[Crawled caption data]
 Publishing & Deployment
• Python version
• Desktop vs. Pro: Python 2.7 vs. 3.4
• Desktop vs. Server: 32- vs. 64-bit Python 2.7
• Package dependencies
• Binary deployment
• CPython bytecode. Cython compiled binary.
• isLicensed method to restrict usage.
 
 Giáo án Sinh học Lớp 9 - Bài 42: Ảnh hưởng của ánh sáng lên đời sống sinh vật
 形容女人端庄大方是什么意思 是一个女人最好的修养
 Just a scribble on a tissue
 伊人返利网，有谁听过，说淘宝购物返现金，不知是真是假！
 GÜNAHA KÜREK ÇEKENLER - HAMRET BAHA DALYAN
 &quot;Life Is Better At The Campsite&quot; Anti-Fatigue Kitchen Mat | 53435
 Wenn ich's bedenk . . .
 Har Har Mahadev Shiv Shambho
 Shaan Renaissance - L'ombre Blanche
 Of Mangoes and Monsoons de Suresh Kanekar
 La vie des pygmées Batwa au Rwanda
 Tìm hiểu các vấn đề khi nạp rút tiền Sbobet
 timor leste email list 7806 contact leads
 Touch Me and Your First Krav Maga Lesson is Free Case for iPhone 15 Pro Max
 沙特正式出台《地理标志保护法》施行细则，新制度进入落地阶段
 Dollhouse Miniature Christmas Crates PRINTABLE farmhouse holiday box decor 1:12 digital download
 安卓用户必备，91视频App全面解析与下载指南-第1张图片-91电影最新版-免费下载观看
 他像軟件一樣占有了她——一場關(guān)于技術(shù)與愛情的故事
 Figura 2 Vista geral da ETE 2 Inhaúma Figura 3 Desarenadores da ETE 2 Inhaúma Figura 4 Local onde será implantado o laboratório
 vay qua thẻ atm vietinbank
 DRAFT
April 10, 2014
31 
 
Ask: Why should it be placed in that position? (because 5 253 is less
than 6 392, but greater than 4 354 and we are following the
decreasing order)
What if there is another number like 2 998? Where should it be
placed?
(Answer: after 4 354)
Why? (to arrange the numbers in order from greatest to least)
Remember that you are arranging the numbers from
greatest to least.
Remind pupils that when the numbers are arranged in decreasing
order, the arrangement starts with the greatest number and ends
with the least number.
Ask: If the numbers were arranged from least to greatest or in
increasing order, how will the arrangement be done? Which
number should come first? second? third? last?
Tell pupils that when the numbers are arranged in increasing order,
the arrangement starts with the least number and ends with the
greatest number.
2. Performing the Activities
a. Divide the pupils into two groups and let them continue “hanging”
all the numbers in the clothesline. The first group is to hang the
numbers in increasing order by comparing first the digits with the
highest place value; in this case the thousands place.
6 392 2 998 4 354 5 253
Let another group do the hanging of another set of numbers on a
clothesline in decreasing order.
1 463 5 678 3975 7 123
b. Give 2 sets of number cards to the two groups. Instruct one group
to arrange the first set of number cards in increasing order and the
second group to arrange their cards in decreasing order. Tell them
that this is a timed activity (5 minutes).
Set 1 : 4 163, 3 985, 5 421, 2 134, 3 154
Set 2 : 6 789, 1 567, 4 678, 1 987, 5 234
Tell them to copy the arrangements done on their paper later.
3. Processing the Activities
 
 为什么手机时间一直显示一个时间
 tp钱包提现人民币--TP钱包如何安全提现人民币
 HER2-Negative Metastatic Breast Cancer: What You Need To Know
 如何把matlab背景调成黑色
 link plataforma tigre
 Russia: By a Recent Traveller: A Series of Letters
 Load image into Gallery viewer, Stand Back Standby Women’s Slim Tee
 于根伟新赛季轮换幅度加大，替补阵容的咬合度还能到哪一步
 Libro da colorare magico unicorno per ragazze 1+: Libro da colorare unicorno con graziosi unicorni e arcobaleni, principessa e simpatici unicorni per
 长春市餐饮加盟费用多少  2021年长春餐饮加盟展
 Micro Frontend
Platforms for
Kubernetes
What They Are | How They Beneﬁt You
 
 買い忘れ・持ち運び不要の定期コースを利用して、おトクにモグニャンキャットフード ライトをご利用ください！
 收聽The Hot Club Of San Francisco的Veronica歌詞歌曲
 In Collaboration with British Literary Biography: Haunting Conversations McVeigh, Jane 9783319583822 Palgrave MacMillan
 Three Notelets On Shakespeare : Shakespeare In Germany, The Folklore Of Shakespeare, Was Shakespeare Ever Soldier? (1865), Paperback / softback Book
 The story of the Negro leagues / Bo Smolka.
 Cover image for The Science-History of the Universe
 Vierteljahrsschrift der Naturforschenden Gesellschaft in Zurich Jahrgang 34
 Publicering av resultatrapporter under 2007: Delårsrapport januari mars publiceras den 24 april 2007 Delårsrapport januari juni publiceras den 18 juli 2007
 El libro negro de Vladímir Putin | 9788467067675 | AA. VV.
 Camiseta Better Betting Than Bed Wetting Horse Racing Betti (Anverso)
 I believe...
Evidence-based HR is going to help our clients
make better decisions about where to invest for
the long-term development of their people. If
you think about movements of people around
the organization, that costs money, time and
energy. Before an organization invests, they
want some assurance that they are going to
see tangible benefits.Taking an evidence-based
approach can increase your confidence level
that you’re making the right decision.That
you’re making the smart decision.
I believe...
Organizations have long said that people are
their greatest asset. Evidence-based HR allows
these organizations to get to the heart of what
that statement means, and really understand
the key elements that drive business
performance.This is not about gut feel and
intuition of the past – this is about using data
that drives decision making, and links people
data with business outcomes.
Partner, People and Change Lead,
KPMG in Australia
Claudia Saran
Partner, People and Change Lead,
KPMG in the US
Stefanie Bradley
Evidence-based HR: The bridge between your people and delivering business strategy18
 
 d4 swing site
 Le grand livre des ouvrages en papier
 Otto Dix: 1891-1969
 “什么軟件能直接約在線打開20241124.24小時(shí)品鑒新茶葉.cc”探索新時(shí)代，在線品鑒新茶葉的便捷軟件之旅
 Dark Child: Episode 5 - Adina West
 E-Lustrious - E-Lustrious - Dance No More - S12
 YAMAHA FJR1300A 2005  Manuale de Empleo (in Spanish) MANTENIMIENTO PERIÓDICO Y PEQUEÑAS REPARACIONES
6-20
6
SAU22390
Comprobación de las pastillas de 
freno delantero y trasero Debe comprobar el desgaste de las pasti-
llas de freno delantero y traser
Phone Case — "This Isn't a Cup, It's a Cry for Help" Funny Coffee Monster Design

About this task — Above are the entries. Copy exactly the part that opens with the line containing "b. Give 2 sets" and closes with the line containing "What They Are | How They Beneﬁt You", and no more.

Solution to this problem —
b. Give 2 sets of number cards to the two groups. Instruct one group
to arrange the first set of number cards in increasing order and the
second group to arrange their cards in decreasing order. Tell them
that this is a timed activity (5 minutes).
Set 1 : 4 163, 3 985, 5 421, 2 134, 3 154
Set 2 : 6 789, 1 567, 4 678, 1 987, 5 234
Tell them to copy the arrangements done on their paper later.
3. Processing the Activities
 
 为什么手机时间一直显示一个时间
 tp钱包提现人民币--TP钱包如何安全提现人民币
 HER2-Negative Metastatic Breast Cancer: What You Need To Know
 如何把matlab背景调成黑色
 link plataforma tigre
 Russia: By a Recent Traveller: A Series of Letters
 Load image into Gallery viewer, Stand Back Standby Women’s Slim Tee
 于根伟新赛季轮换幅度加大，替补阵容的咬合度还能到哪一步
 Libro da colorare magico unicorno per ragazze 1+: Libro da colorare unicorno con graziosi unicorni e arcobaleni, principessa e simpatici unicorni per
 长春市餐饮加盟费用多少  2021年长春餐饮加盟展
 Micro Frontend
Platforms for
Kubernetes
What They Are | How They Beneﬁt You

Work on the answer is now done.